EXERCISE DIRECTIONS: Each entry should be copied as it stands, leaving the pictures behind.

DATA PROVIDED:
BEGIN
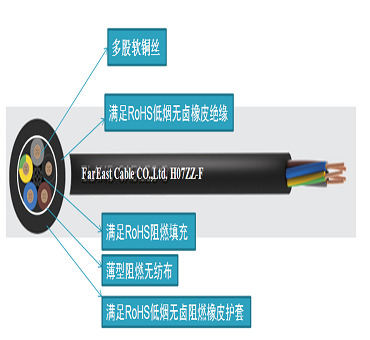 額定電壓450/750V及以下無鹵低煙阻燃耐寒軟電纜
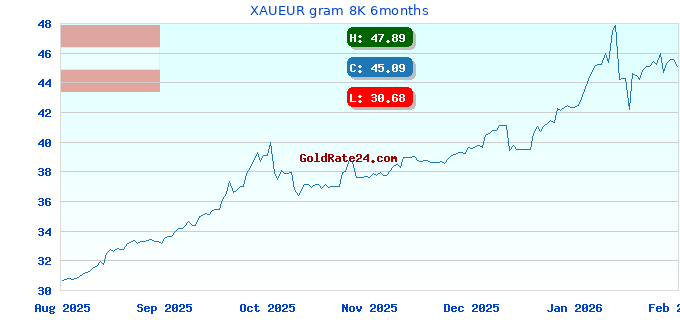 XAUEUR gram 8K 6months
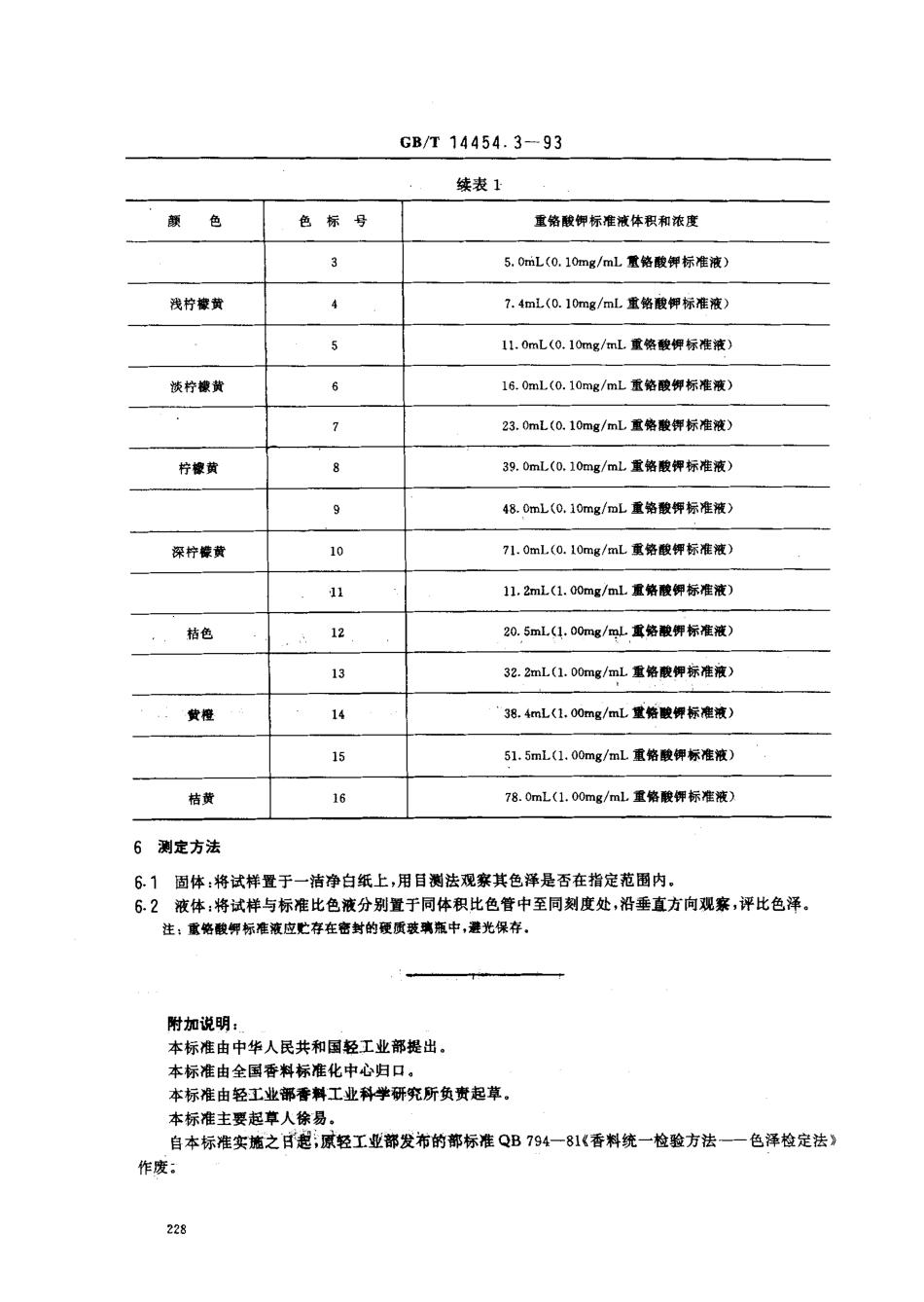 GBT 14454.3-1993 香料 色泽检定法.pdf_第2页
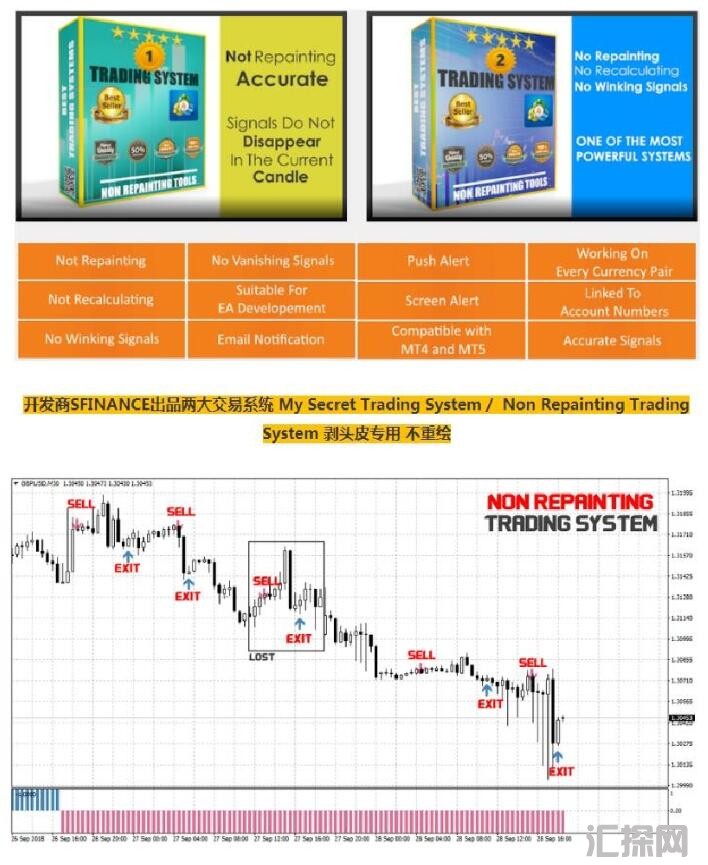 MT4 开发商两大剥头皮交易系统 无限制 外汇VIP指标下载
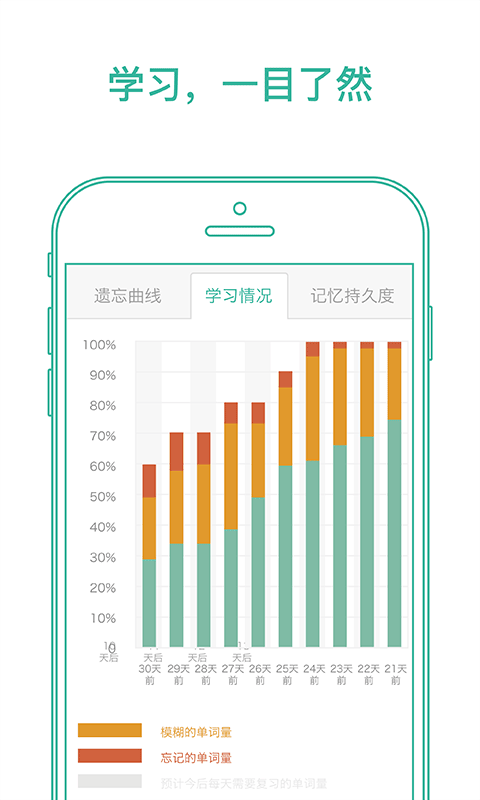 墨墨背单词最新版截图2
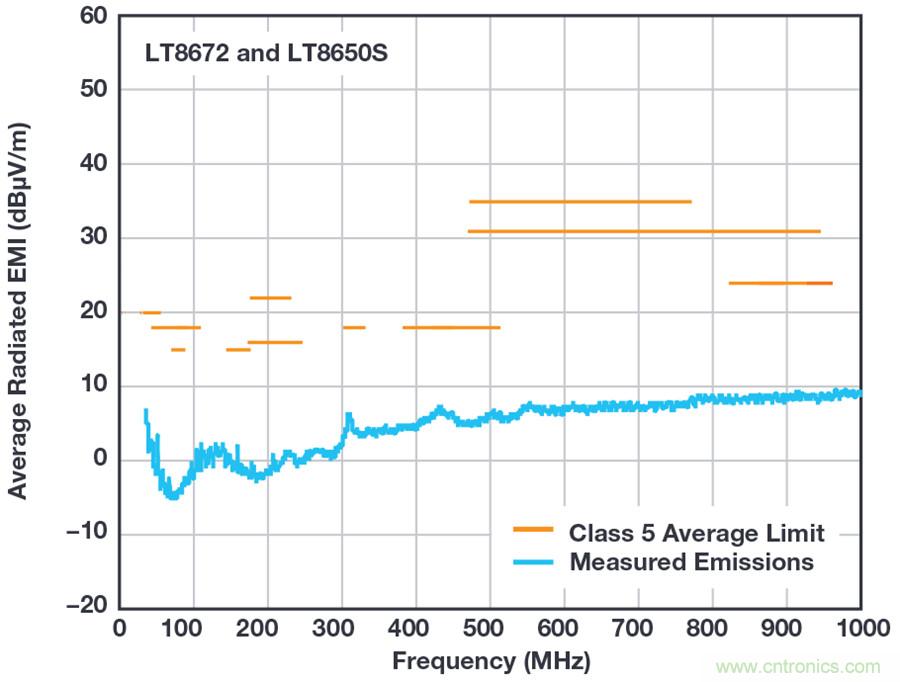 恶劣汽车环境怎么破？这几个解决方案轻松搞定
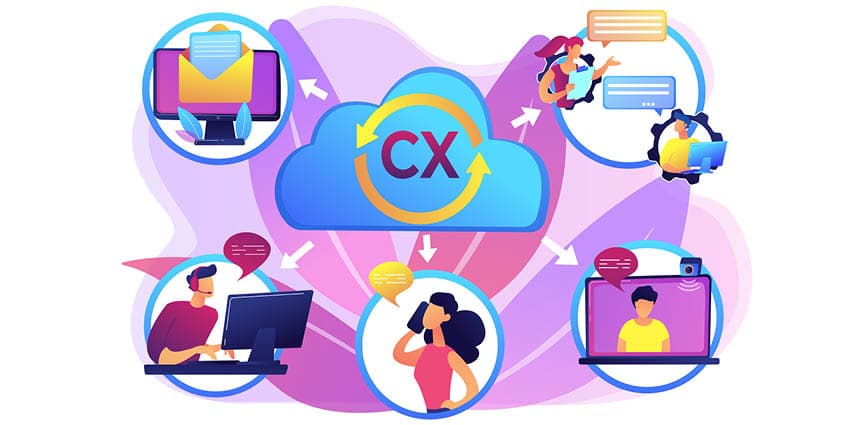 What Is a Unified Customer Experience?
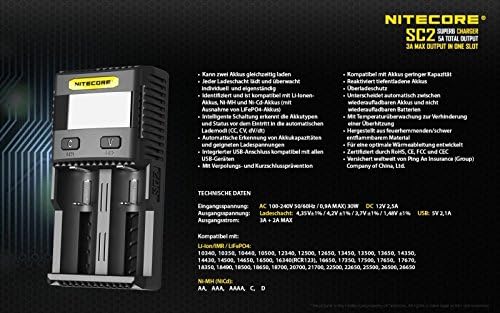 Nitecore Schnellladegerät SC2 - Ladegerät für Akkus/Batterien Schwarz One Size, Schwarz One Size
END
RESPONSE FOR THIS EXERCISE:
 額定電壓450/750V及以下無鹵低煙阻燃耐寒軟電纜
 XAUEUR gram 8K 6months
 GBT 14454.3-1993 香料 色泽检定法.pdf_第2页
 MT4 开发商两大剥头皮交易系统 无限制 外汇VIP指标下载
 墨墨背单词最新版截图2
 恶劣汽车环境怎么破？这几个解决方案轻松搞定
 What Is a Unified Customer Experience?
 Nitecore Schnellladegerät SC2 - Ladegerät für Akkus/Batterien Schwarz One Size, Schwarz One Size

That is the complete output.